L'avocat Jérôme Muriaux, connu pour être un collectionneur d'armes, est mort, vendredi 13 avril, après l'explosion vers 16h30 d'une grenade dans son cabinet situé 101 rue Miromesnil, dans le 8e arrondissement de Paris. Il a eu le bras arraché et est mort de ses blessures. Selon un porte-parole des pompiers, il s'agirait d'un accident. L'explosion a également fait plusieurs blessés légers.

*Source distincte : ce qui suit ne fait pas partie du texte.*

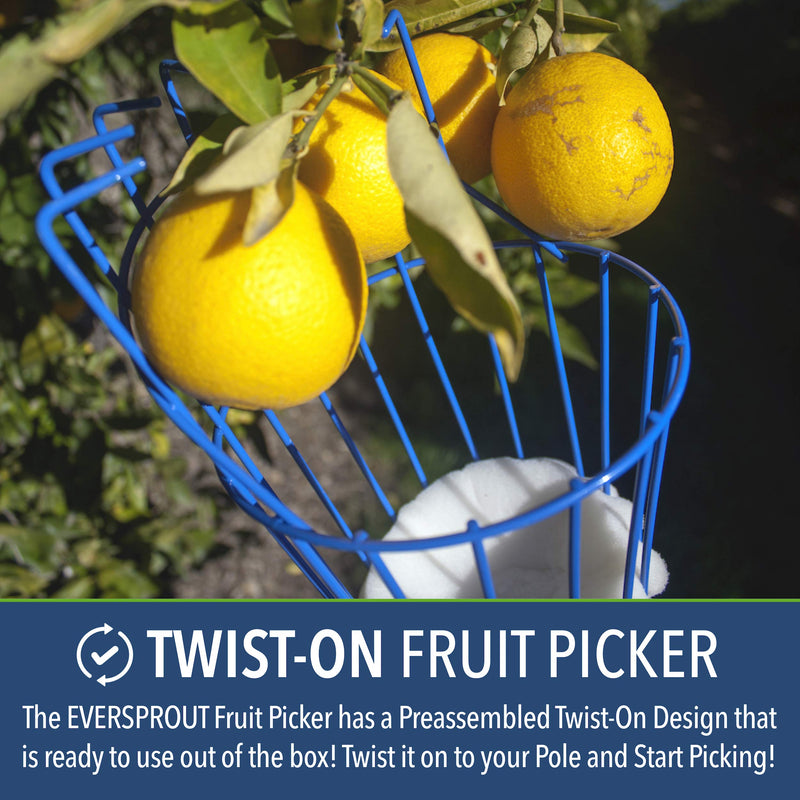 EVERSPROUT Twist-On Fruit Picker Basket | Twists onto Standard US Threaded Pole (3/4-inch ACME) | Fruit Harvester Attachment (Head Only, Pole Not Included) - NewNest Australia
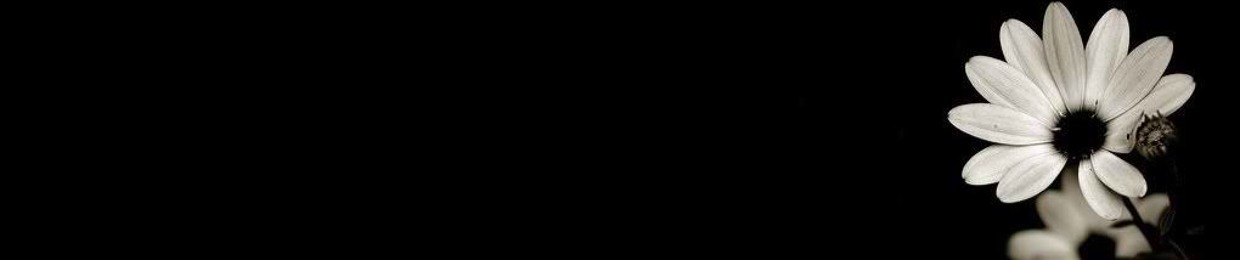 Michelle Acera Records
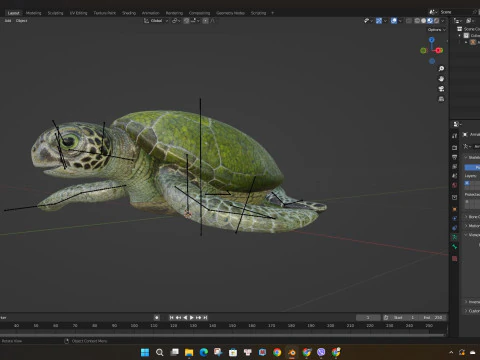 Turtle-A3 3D Model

"J'ai entendu une explosion, un boum, a déclaré à l'AFP Charly Husson, employé d'une entreprise située dans la même cour que le cabinet. J'ai vu la fenêtre en haut de la porte [du cabinet d'avocats] qui a explosé. Il y avait de la fumée, des éclats de verre... Mon collègue a vu que [la victime] avait le bras coupé", raconte-t-il. Une employée du cabinet d'avocats est ensuite sortie des locaux endommagés en hurlant, appelant au secours. "Cela sentait la poudre, ça piquait", selon Aurélien, qui travaille dans une société attenante au cabinet. Lui et un de ses collègues sont partis chercher un médecin.

Quels sont les premiers éléments connus de l'enquête ?

Une source proche de l'enquête indique que Jérôme Muriaux a reçu d'un ami un colis par la Poste, lequel contenait au moins une grenade. Il l'aurait dégoupillée, pensant qu'elle était inoffensive. Réputé comme étant un collectionneur d'armes, il avait commandé des grenades et les a reçues vendredi à son cabinet, a expliqué une source policière. Le cabinet d'avocats est notamment spécialisé dans le recouvrement d'impayés, ont précisé des employés de l'immeuble.

Sur place, des dizaines de policiers, pompiers et secouristes se sont affairés autour du bâtiment pendant plus d'une heure. Le dispositif était quasiment levé vers 19 heures et la circulation dans le quartier a été rétablie vers 18h30. Des démineurs se sont rendus sur place, mais n'ont pas trouvé d'autre explosif.